You're right, I noticed this with the other person that doesn't have the OG status. I guess you need the title underneath for the OG to grab on to (so to speak).
Thanks Vlad


----------



## oo_let_me_see

I just noticed the OG status, which matches my everyday real life OG status. And wow 10 years?!! This is proof i used to be young!!


----------



## GyrlLayney

Aw, what a nice touch Meg and Vlad!  Thank you ♡


----------



## Megs

Vlad said:


> I think it's because @averagejoe removed his title entirely, so the OG doesn't show.

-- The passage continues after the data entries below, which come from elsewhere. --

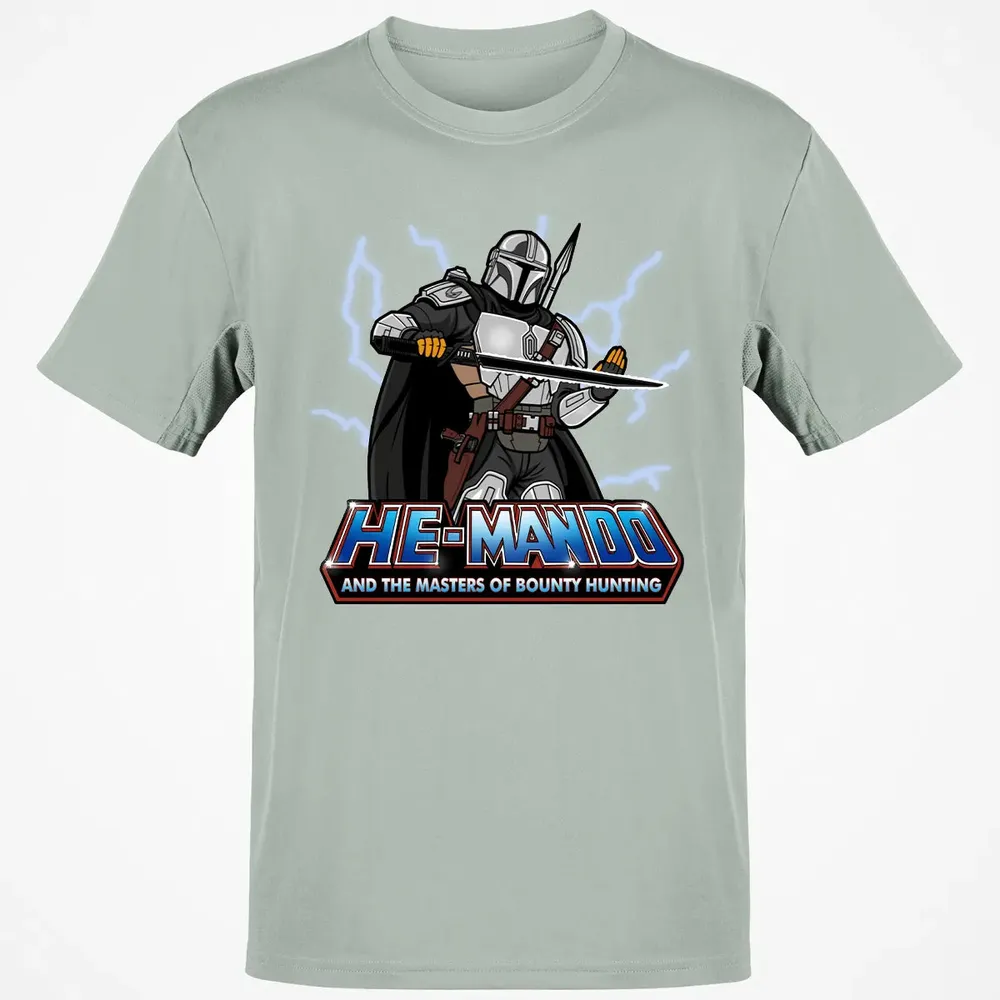 He mando Classic Unisex T-Shirt - 3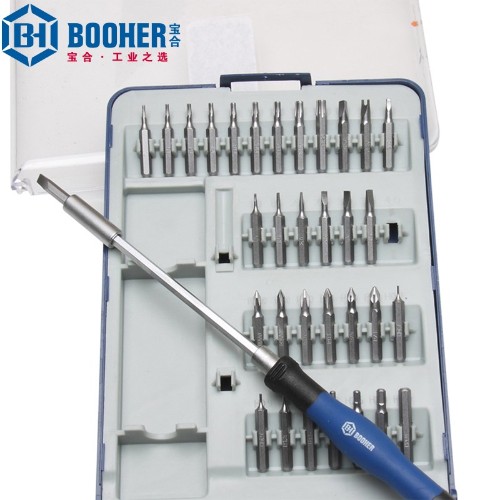 寶合 1900204 35件套微型螺絲批組套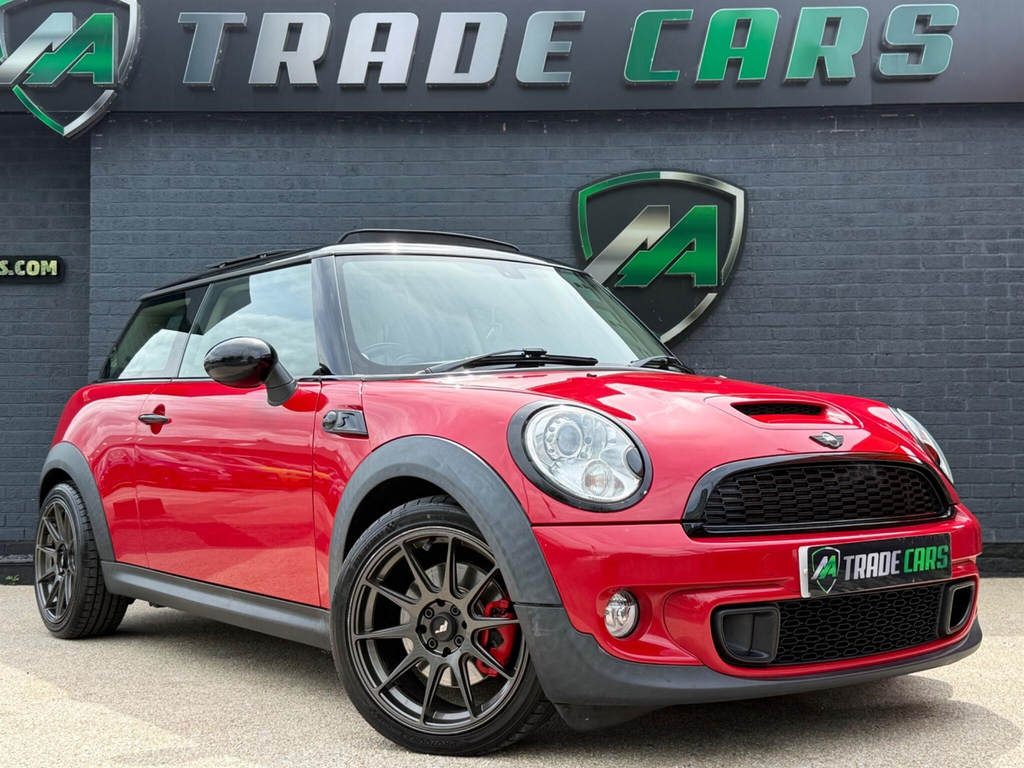 Mini Hatch Hatchback FR13OLW Red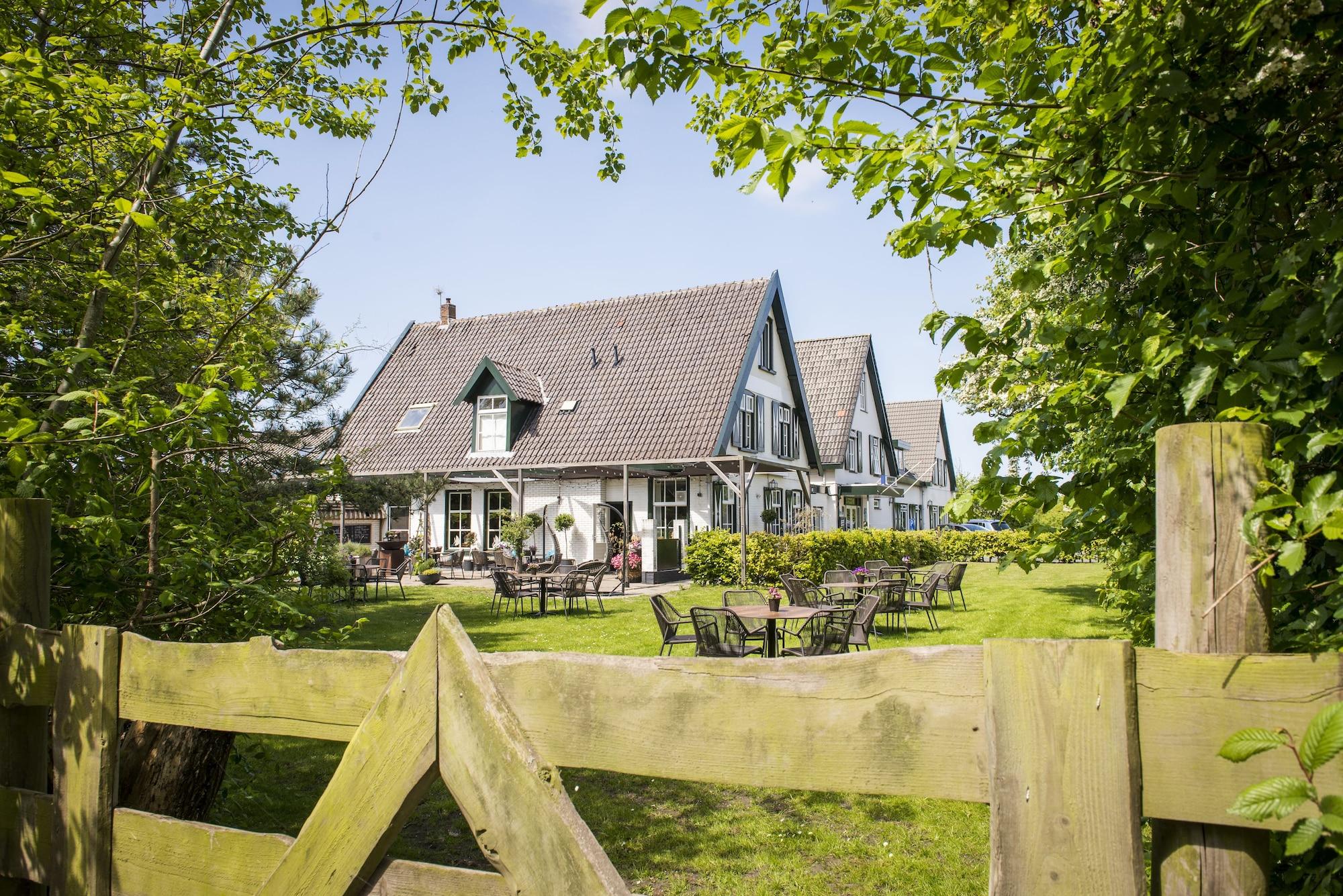 Comodidades del Alojamiento Prins Hendrik Texel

@averagejoe would you like the title? You seemed to remove it but we can manually add it back I'm sure! You're an OG!


----------



## averagejoe

Vlad said:


> I think it's because @averagejoe removed his title entirely, so the OG doesn't show.





V0N1B2 said:


> You're right, I noticed this with the other person that doesn't have the OG status. I guess you need the title underneath for the OG to grab on to (so to speak).
> Thanks Vlad



Oh! That makes sense!



Megs said:


> @averagejoe would you like the title? You seemed to remove it but we can manually add it back I'm sure! You're an OG!



Yes please Megs!


----------



## littleblackbag

O.M.G! I'm an OG now! Can't believe I've been a member for 10 years. Where does the time go? I've learnt so much since being here, and bought such a diverse range of bags. Although I'm not in a financial position at the moment to be making any major purchases I do enjoy all the eye candy provided here. I'm also very happy with my current collection of bags.
I have made much better informed purchases since being a member, I'd say pretty much all my bags are keepers now. Whereas when I first joined I had many bags that have since come and gone.

Thank you PF


----------



## bear2002

Oh wow.  This thread prompted me to see how long I've been lurking around the boards.  I can't believe it's been over 10 years!  I don't post much because I'm super shy (even on the internet) but I have spent a lot of time enjoying the fun and informative discussions here.  And I've been inspired over the years to buy more than a few goodies too...


----------



## Vlad

bear2002 said:


> Oh wow.  This thread prompted me to see how long I've been lurking around the boards.  I can't believe it's been over 10 years!  I don't post much because I'm super shy (even on the internet) but I have spent a lot of time enjoying the fun and informative discussions here.  And I've been inspired over the years to buy more than a few goodies too...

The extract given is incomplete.